Y resulta interesante añadir la idea de la transformación utópica de la realidad. Hay escritores que describen la realidad, otros que la recrean, los más se ajustan a sus características y geometrías. Rafael pertenece a una estirpe de poetas que muestra en su obra una realidad trascendida, sublimada, desbordada, casi alucinada, deslumbrante, y la presenta no como una impostura, sino como la única forma posible de lectura de lo real. 

Ahora bien, para formular el elemento medular de su obra, creo que RPE coincidiría con William Carlos Williams, quien publicó en 1923 un extenso poema La primavera y todo que inicia su época vanguardista, donde se pregunta asuntos esenciales de la creatividad contemporánea: «¿A quién le importa nada de lo que hago? ¿Y eso qué me importa?» Y unas líneas después, a otra pregunta aún más decisiva él mismo se responde: «¿A quién entonces me dirijo? A la imaginación». La imaginación es el germen de la obra perezestradiana, pero también, como intuye William Carlos Williams, el exclusivo receptor de la obra. La imaginación se escribe a sí misma ante la propia imaginación, esta es la auténtica vanguardia que ampara sus textos. Un asombroso prodigio al que se asiste con solo abrir alguna página de cualquier libro de Rafael Pérez Estrada. Y leer.

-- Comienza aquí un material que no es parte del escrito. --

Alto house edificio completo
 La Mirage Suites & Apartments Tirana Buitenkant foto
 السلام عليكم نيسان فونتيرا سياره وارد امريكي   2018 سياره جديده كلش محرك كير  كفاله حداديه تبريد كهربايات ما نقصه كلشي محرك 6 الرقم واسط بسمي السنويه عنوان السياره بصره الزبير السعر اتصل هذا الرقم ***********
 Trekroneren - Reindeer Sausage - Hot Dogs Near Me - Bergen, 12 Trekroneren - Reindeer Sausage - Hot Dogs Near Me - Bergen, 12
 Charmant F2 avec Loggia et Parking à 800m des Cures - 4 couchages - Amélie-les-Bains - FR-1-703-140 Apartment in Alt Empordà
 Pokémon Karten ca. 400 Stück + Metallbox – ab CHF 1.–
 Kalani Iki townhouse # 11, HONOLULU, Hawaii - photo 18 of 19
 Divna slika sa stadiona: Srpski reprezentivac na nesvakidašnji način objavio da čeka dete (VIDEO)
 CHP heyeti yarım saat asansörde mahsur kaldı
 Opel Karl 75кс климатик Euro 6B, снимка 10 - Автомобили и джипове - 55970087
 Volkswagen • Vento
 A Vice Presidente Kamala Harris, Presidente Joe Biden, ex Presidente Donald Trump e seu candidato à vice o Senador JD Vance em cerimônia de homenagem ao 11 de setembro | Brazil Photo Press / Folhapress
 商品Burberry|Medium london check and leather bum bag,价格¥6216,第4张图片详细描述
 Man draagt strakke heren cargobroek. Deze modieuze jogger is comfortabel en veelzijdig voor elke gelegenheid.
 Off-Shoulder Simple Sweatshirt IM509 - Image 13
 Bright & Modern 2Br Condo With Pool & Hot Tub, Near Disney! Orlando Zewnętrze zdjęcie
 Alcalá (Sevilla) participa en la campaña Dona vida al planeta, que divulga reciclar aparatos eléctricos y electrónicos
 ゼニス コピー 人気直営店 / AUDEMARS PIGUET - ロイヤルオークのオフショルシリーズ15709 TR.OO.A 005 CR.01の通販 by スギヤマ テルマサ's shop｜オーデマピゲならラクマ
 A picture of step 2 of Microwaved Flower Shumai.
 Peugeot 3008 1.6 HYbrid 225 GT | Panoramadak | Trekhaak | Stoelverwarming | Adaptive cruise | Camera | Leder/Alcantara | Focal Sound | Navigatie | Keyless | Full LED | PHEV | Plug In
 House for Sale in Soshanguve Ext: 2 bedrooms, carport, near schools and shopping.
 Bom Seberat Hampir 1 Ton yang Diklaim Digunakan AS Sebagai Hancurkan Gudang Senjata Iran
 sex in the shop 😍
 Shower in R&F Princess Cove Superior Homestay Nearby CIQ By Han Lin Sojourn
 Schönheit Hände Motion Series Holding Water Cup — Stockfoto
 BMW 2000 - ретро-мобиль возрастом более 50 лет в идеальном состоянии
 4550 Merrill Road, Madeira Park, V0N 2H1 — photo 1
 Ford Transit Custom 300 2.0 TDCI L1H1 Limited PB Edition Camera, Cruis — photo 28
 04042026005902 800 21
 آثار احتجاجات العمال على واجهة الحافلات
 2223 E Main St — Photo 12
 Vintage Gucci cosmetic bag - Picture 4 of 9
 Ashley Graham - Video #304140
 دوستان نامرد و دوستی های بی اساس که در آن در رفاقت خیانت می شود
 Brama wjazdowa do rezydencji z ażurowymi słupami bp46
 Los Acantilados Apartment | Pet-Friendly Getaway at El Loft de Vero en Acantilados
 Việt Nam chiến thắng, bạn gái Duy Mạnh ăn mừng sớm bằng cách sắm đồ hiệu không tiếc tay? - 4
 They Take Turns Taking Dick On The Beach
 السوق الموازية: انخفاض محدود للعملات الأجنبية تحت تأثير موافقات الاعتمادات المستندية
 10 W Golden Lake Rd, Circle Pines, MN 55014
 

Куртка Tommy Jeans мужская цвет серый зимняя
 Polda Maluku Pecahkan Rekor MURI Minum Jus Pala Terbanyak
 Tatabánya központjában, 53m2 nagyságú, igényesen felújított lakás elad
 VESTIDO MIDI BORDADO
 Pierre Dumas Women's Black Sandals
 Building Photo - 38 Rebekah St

         A Rafael Pérez Estrada le protege del paso del tiempo todo que no fue. No fue un escritor sociológico, en absoluto; ni costumbrista, más bien se sitúa en el polo opuesto; ni apegado a las modas de su época; ni descuidado en la forma; ni trivial en el contenido. No tiene, de hecho, ninguna de las razones de caducidad más evidentes. Su obra, por el contrario, crece conforme más se conoce. Apela a la imaginación, que es una constante de la creatividad en cualquier época. Es compleja, es decir, cualquier futuro encontrará en ella rasgos que la reflejan, aspectos que posiblemente los lectores coetáneos del Rafael ni los han visto. 



Actos de la entrega del Legado «in memoriam» de Rafael Pérez Estrada en la Caja de las Letras del Instituto Cervantes. En Madrid, el jueves 16 de noviembre de 2023.